Publication Date

April 28, 2022

Perspectives Section

In Memoriam


  • Latin America/Caribbean


Military, Political

Frank D. McCann Jr.

Photo courtesy University of New Hampshire

Brazilianistas the world over have lost one of their giants with the spring 2021 passing of Frank D. McCann Jr., professor emeritus in the Department of History at the University of New Hampshire. Frank was one of the originators of the term Brazilianista, which describes students and scholars of Brazilian history. The volume and quality of his scholarly work, and his instrumental role in preparing future Brazilianistas for careers in academia, government, nongovernmental organizations, and private industry, speak to his success in those endeavors.
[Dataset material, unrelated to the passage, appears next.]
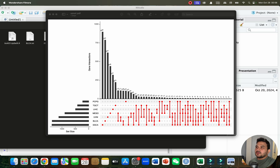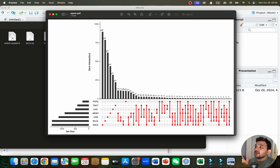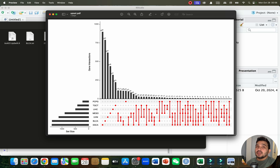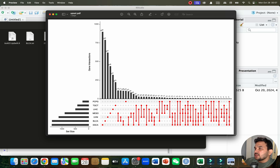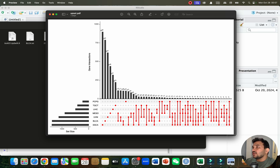Welcome to another video tutorial. In this video I will show you how we can draw an upset diagram using R. As we know, this upset diagram is super helpful to find the common genes between different datasets. I will be using R to develop and find the common or intersecting genes between the different datasets.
Frank came to study Brazil through his interactions with fellow graduate students from Indiana University, where he earned his PhD in 1967. He also made lifelong friends with Brazilian Army officers while teaching history at the United States Military Academy at West Point. These experiences and studying under Robert Ferrell led Frank to focus on Brazil-US diplomatic history and Brazilian military history. Out of this came his first book, The Brazilian-American Alliance, 1937–1945 (Princeton Univ. Press, 1973), which won honorable mention for the Herbert E. Bolton Prize in 1974 and in 1975 received the Stuart L. Bernath Book Prize. Subsequent books, such as Soldiers of the Pátria: A History of the Brazilian Army, 1889–1937 (Stanford Univ. Press, 2003), plus numerous articles, book chapters, and invitations to present his work in other countries, reflected his high level of scholarship in his field.
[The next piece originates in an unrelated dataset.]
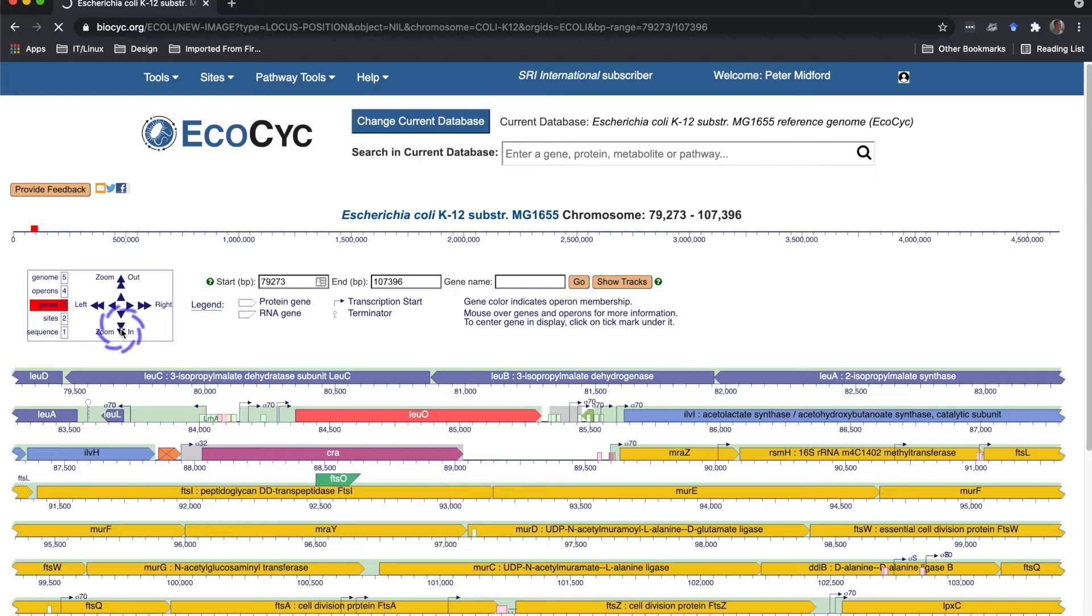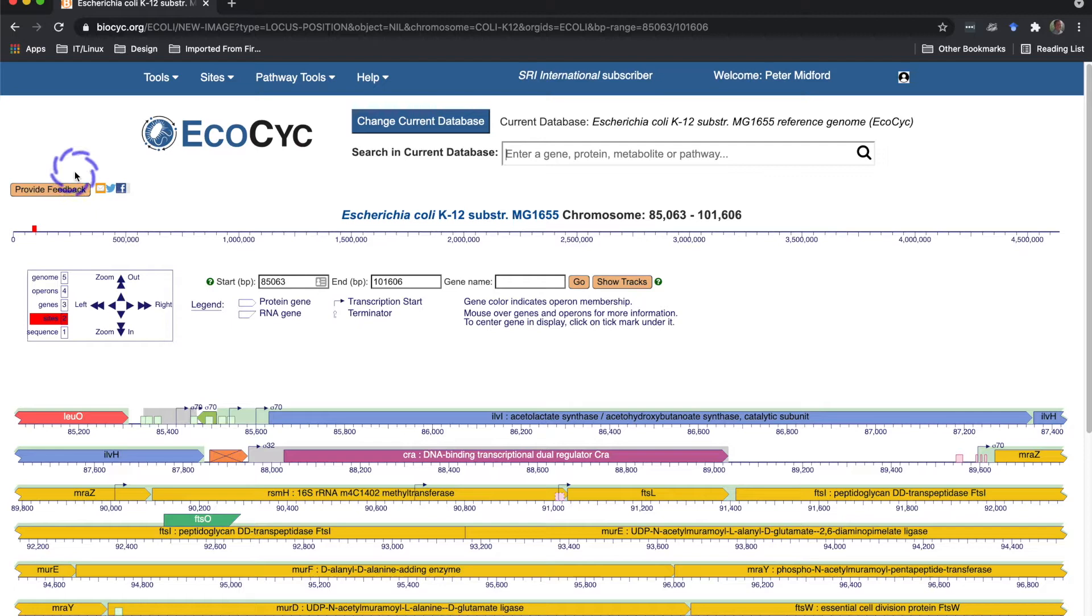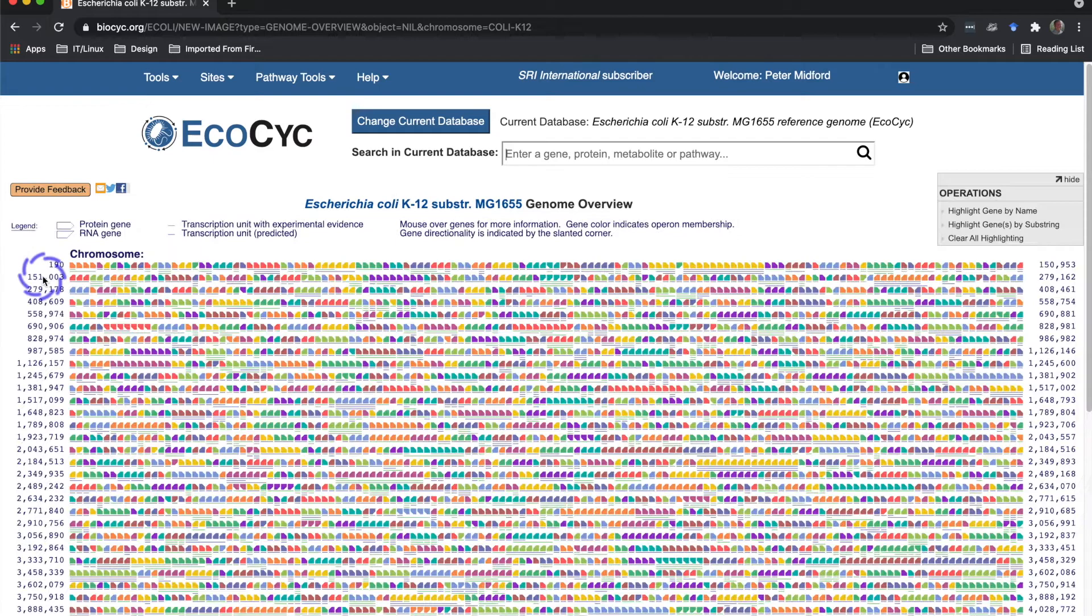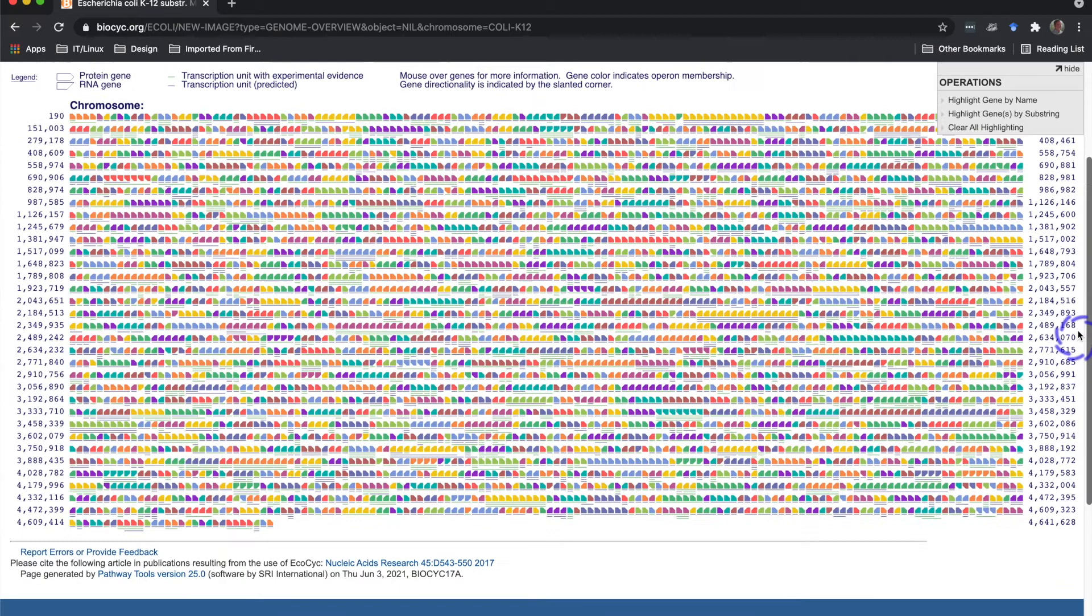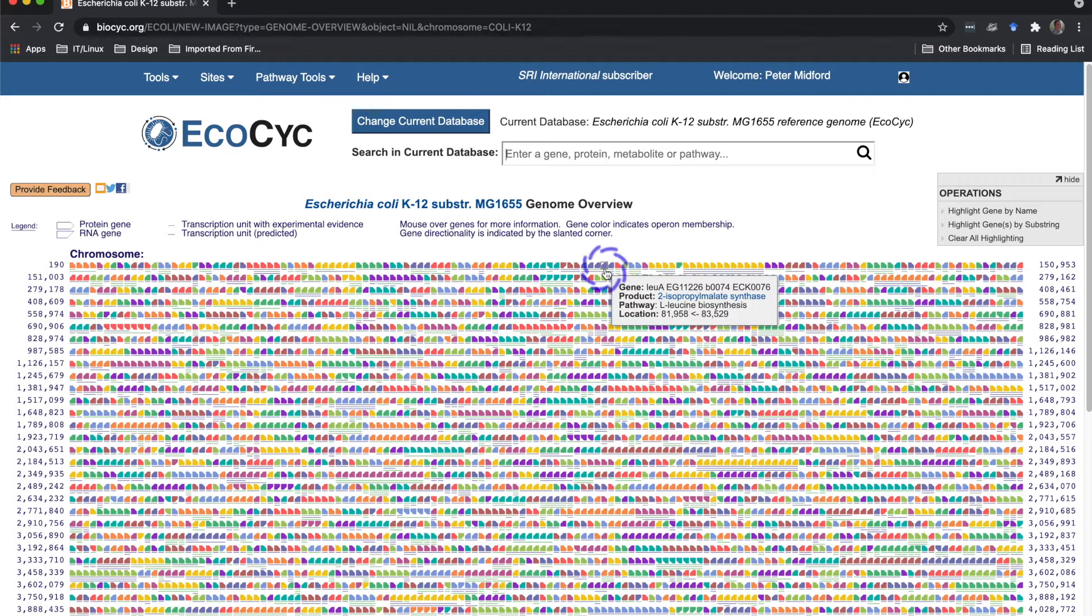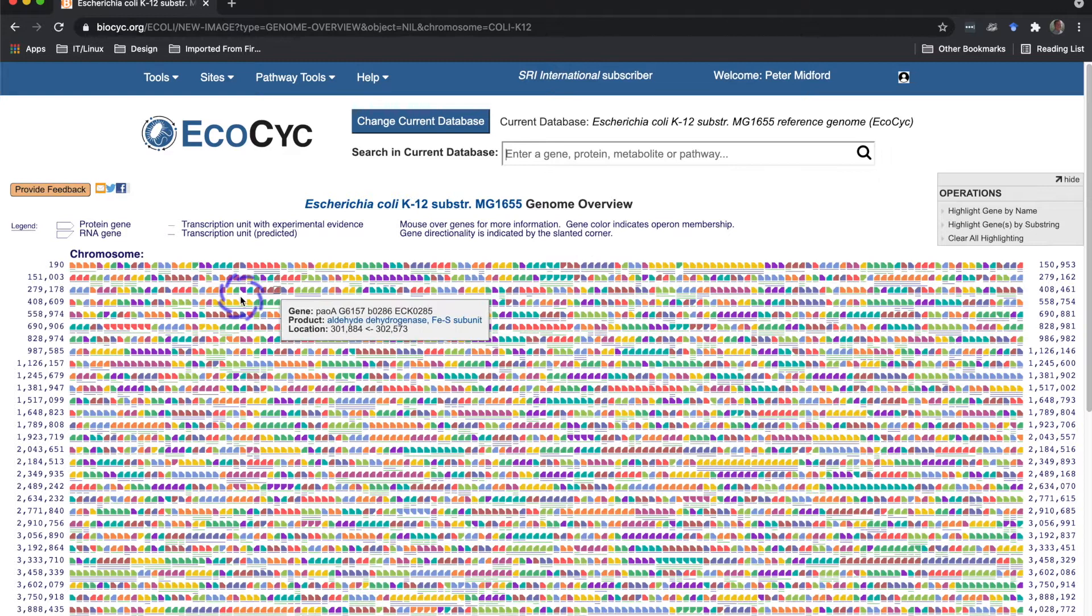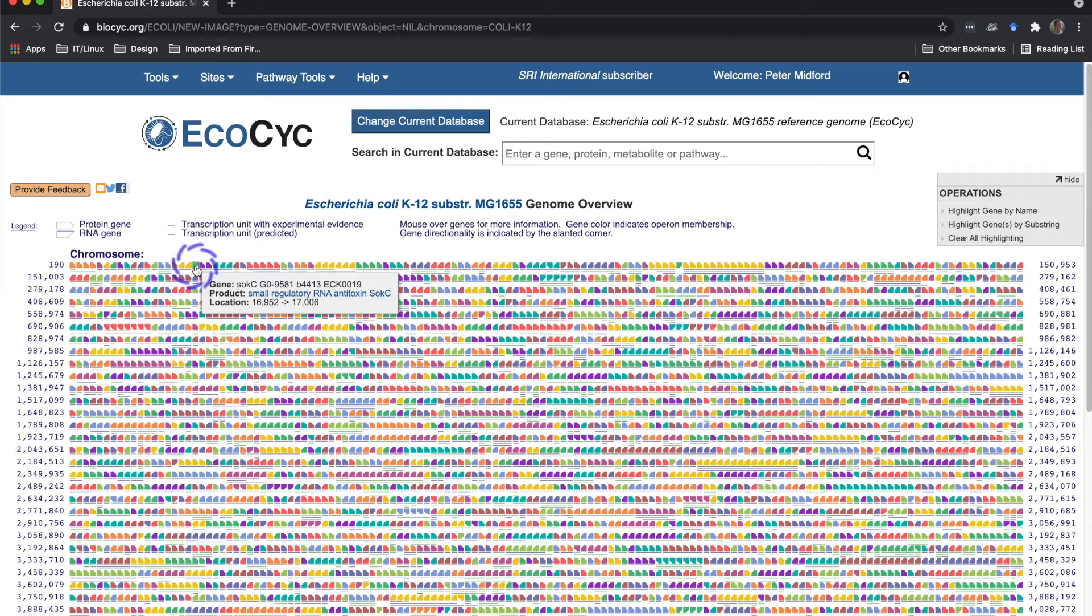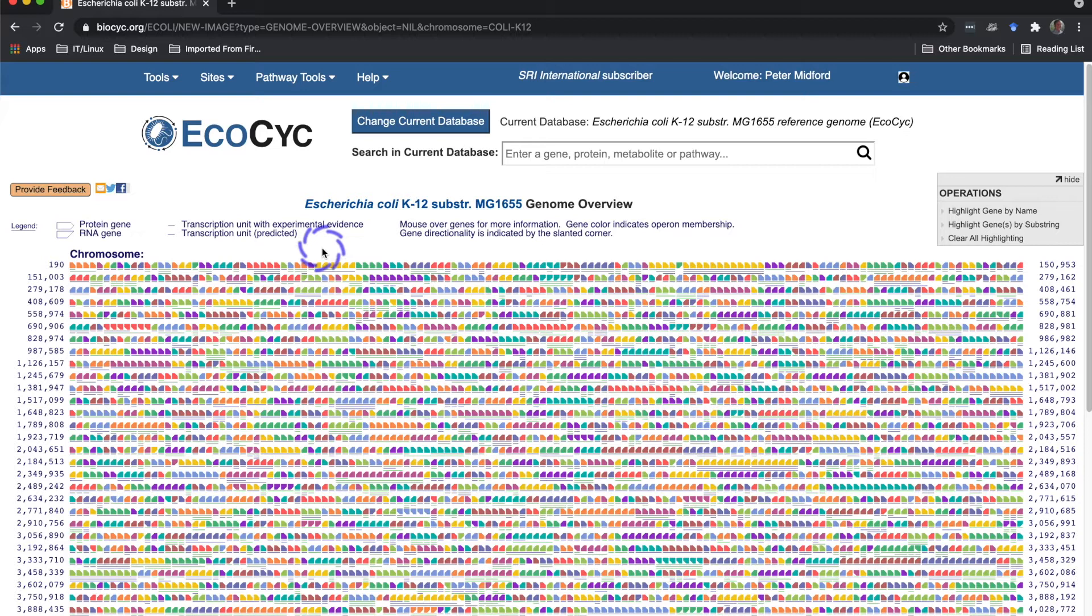I can also zoom out to see what we call the genome overview by clicking here. And here we see almost the entire E. coli genome. Each of these boxes is one gene. Boxes that point left or right are protein coding genes, while downward pointing quadrilaterals like this one are RNA coding. Again, colors represent operon membership and the bars below indicate transcript extents from our transcription unit information.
While continuing to research the Brazilian military, Frank expanded his efforts into the 1964 revolution and the postmilitary era from 1985 onward. As a co-editor of the reader Modern Brazil: Elites and Masses in Historical Perspective (Univ. of Nebraska Press, 1989), he helped bring forth the most current research on a variety of topics beyond the military and politics. Frank published the influential Brazil and the United States during World War II and Its Aftermath: Negotiating Alliance and Balancing Giants (Springer, 2018), tapping into new resources and archival material in Brazil and the United States. He not only clarified what each of the hemisphere giants brought to and gained from the relationship, but he provided an early analysis of the direction of relations in the 21st century. His papers, books, and research notes will rest at the Indiana University Lilly Library.
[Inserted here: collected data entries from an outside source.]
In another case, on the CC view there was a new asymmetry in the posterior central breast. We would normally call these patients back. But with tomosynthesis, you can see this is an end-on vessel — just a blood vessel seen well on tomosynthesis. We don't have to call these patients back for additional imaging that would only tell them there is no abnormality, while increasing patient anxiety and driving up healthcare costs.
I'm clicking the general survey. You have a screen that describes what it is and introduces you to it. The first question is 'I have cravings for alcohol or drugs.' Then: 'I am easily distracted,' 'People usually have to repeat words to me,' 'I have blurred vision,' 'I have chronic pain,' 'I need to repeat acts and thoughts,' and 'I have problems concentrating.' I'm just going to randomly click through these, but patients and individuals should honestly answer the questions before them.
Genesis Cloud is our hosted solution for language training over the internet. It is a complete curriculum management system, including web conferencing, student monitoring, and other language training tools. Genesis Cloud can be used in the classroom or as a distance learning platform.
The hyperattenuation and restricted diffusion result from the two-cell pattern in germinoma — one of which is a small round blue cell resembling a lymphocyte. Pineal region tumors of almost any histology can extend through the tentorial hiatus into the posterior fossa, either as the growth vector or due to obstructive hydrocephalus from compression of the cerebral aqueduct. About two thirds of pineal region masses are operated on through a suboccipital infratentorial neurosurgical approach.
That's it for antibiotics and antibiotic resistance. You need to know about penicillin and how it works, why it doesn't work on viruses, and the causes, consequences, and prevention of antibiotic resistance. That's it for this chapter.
Frank was also interested in the lives and history of Indigenous peoples. He first began exploring the history and culture of the Cayuga and Seneca Nations as a young boy growing up in Upstate New York, and he later became a friend of their members. While serving as a visiting professor at the University of New Mexico, Frank had the opportunity to visit with many members of the Pueblo Nation. He continued to visit New Mexico many times to deepen his understanding of their culture—knowledge he passed on to his students by offering the first course in Native American history ever taught at the University of New Hampshire.

One of Frank’s lasting legacies is his preparation of graduate students for careers in history. He went beyond the basic course training in research and writing, teaching students what it meant to be an academic and a historian. Importantly, Frank imprinted on his students the ethics of the craft and career. His success is evident in the scholarly production and career advancement of his former students.

Frank served the discipline in other ways too numerous to mention in this short space. He was on the executive committees of several professional organizations; for many years was a contributing editor for the Handbook of Latin American Studies; and was on the editorial committees of national and international professional journals, such as the Revista militares e politica.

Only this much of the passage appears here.